But for me, I had an amazing experience at Goldman.
I only left because I was recruited by the world's largest hedge fund at the time.
It was J.P. Morgan's hedge fund. And I remember, you know, telling, telling the founder, like, I'm not
interested. I I'm very happy. I've been running the desk at Goldman. I was the head of credit
driven OTC trading for over five years at the firm. I was like, I'm not interested in leaving.
And he leaned over, like, he got really close to me at, we were at the fourth season. He leaned
over, he looked me in the eyes and he's like, what in your life could be better? And I said, well, I really love to see my kids
more. And he said, where do you live? And I said, Greenwich. And he's like, we will open
a Greenwich office for you. You can work four days a week. And I was like, whoa, okay.
I'm like, that's a, you know, I never worked four days a week there. I, I did, you know,
but I did take, you know, I did schedule doctor's appointments for my kids and my kids were babies.

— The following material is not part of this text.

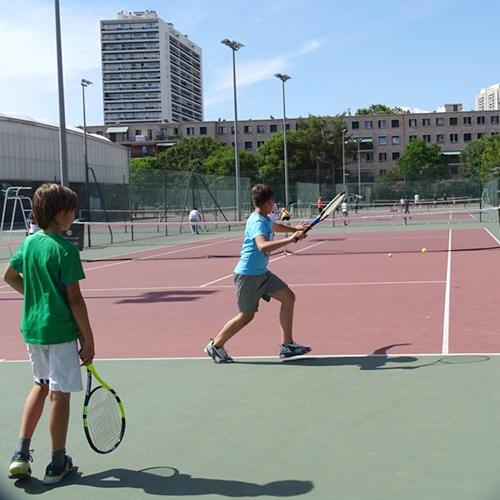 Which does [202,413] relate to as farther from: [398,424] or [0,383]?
[0,383]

Like they were literally, neither of them were in school. They were, I had like a super, super baby
and then a toddler. And so it was, I think a nice step for me to realize that I really wanted to be
home with my kids in that zero to three period and
make the investment in them. So I think in a weird way, having that baby step was like, what gave me
a lot of confidence to say, you know, I really want to be a stay at home mom. I don't want to
be a stay at home mom forever. I love investing. And the funny thing is I actually, I think you
really find out what you love when you are not working and it's not a job anymore.

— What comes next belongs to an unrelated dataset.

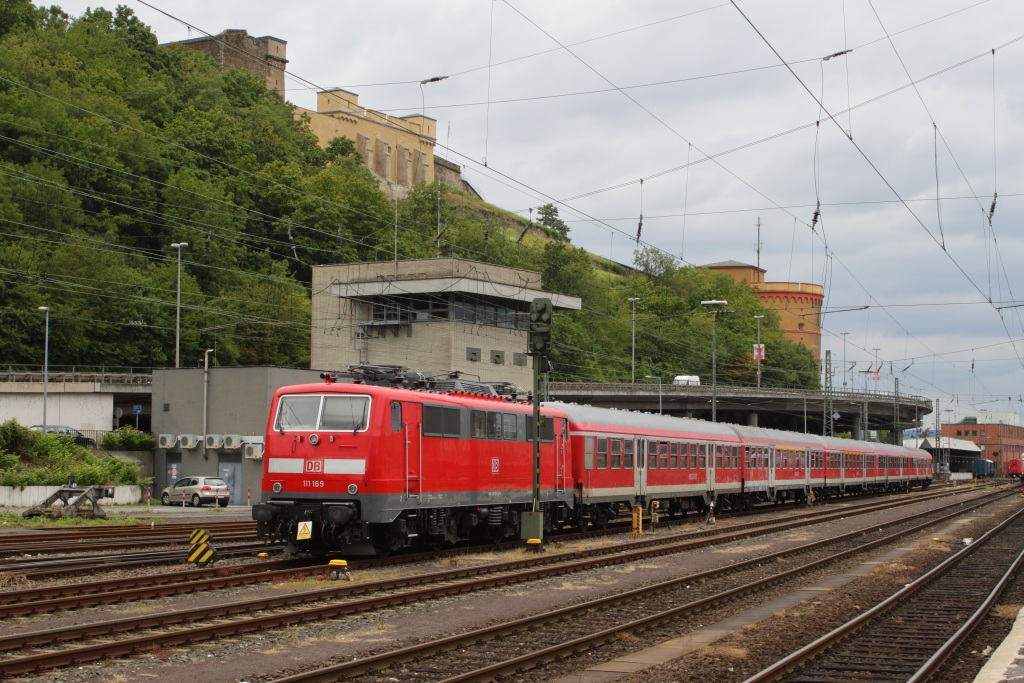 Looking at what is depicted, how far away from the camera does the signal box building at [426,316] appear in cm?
7838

Because I used to drop my kids off at preschool when they got a little older.
I would go to the Greenwich Library where they had two Bloomberg terminals that were free.
And I would invest.
I would trade.
I did a lot of secondary market trading of structured products.

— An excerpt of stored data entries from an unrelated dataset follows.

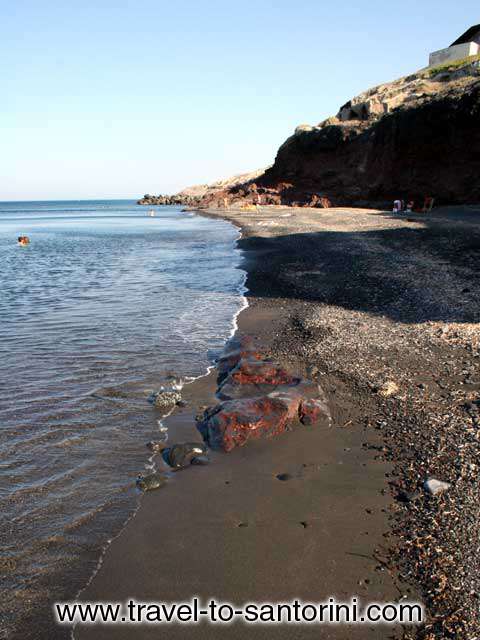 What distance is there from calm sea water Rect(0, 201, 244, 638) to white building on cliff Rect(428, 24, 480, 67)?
6499cm

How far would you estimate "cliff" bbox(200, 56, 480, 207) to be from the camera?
36344 mm

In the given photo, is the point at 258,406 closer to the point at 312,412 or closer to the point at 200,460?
the point at 312,412

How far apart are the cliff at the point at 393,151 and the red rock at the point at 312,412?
3457 cm

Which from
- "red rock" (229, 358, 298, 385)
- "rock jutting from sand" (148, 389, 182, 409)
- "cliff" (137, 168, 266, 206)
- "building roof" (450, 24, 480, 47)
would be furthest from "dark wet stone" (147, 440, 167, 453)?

So breaking out zero coupon bonds with the various option components.
But it was like, you kind of know, you're like, when I do this in my spare time for fun, and I'm not at,
you know, I'm not playing pickleball or, you know, going shopping or whatever, whatever stay at home
moms do. And they're like two and a half hours a day. I'm trading options because I love it.
It's like, it was a really good, like, I actually like this.
This wasn't some random thing that I fell into.
It's something I do in my free time and I'm passionate about it.
So I think it really helped me go down that entrepreneurial path to be like, I love what
I do and I don't want to use any linear derivatives.
I hate linear derivatives, but that's weird being a derivative person because derivative people get bucketed as like, oh, you do all derivatives. I hate linear derivatives, but that's weird being a derivative person because
derivative people get bucketed as like, oh, you do all derivatives. And I'm super
not, I'm all asymmetry. I love options. That's it.
That would have been a fun flex. Like you're walking in the stroller with the other moms,
what'd you guys do this morning? Well, I was at the Bloomberg terminal doing some swaptions.
I still have a lot of really good friends from my stay-at-home mom days.
Because I was also like, you know, it was such a little dynamo.
So I was like doing all the PTA stuff and doing this committee, that committee.
So I have a lot of friend moms who know what I did in my spare time.
And they think it's
awesome. You know,
It's a great story.
So what advice would you give for some young woman listening to this podcast
of how did they get ahold in this male dominated industry? How do they,
how did they, how'd you do it? What's your, what were your secrets?
Was it hard?
No, I think, you you know in the finance industry you really want to be
a revenue producer like i think that is i think a lot of women go into finance but then they find
themselves in support roles like whether it's compliance or legal or operations things that
don't make money that are costs um so very simply, I think the ultimate meritocracy is
having a P&L, right? Having a number next to your name. It doesn't matter what you look like. It
doesn't matter who you're friends with. It doesn't matter how you sound, where you're from. You know,
you make money, you got something to show. And if you're a support, you know, you're a cost.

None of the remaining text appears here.